Loop detection in a distributed publish/subscribe network
In a distributed publish/subscribe network, it is important that publications and proxy subscriptions cannot loop, because this would result in a flooded network with connected subscribers receiving multiple copies of the same original publication.
The proxy subscription aggregation system described in Proxy subscriptions in a publish/subscribe network does not prevent the formation of a loop, although it will prevent the perpetual looping of proxy subscriptions. Because the propagation of publications is determined by the existence of proxy subscriptions, they can enter a perpetual loop.

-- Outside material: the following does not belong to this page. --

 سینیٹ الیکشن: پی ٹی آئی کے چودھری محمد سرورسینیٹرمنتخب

IBM MQ uses the following technique to prevent publications from perpetually looping:
As publications move around a publish/subscribe topology each queue manager adds a unique fingerprint to the message header. Whenever a publish/subscribe queue manager receives a publication from another publish/subscribe queue manager, the fingerprints held in the message header are checked. If its own fingerprint is already present, the publication has fully circulated around a loop, so the queue manager discards the message, and adds an entry to the error log.

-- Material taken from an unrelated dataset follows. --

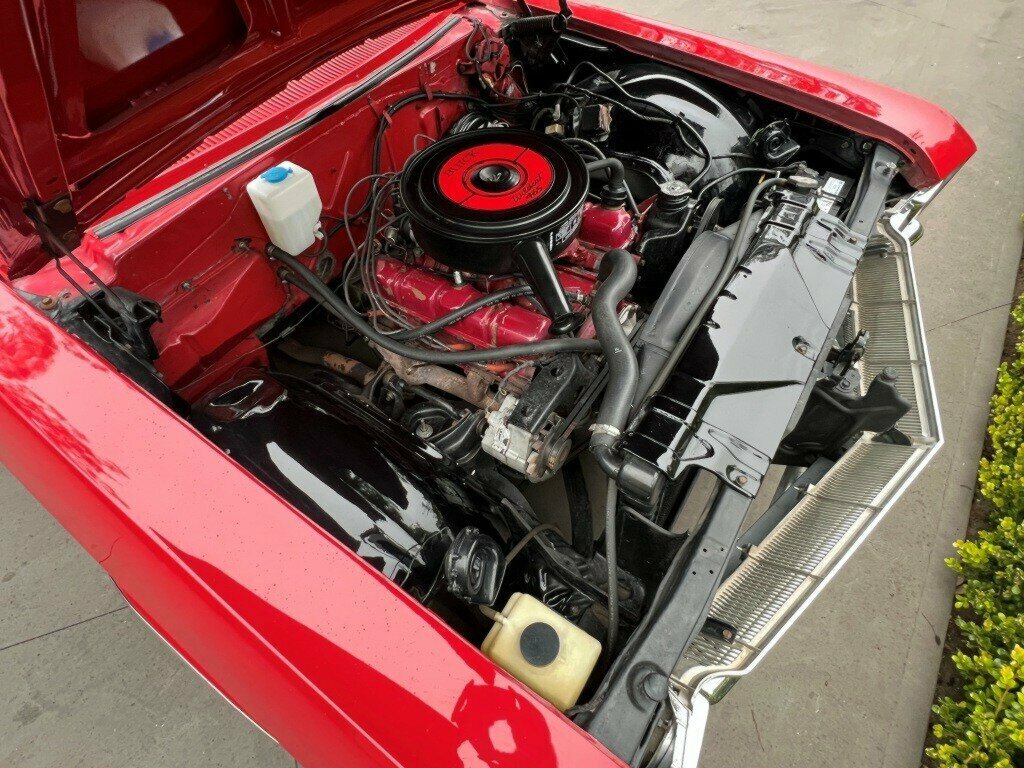 1966 BUICK WILDCAT 3 SP AUTOMATIC 2D CONVERTIBLE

Note: Within a loop, publications are propagated in both directions around the loop, and each queue manager within the loop receives both publications before the originating queue manager discards the looped publications. This results in subscribing applications receiving duplicate copies of publications until the loop is broken.- Loop detection fingerprint format
The loop detection fingerprints are inserted into an RFH2 header or flow as part of the Version 8.0 protocol. An RFH2 programmer needs to understand the header and pass on the fingerprint information intact. earlier versions of IBM Integration Bus use RFH1 headers which do not contain the fingerprint information.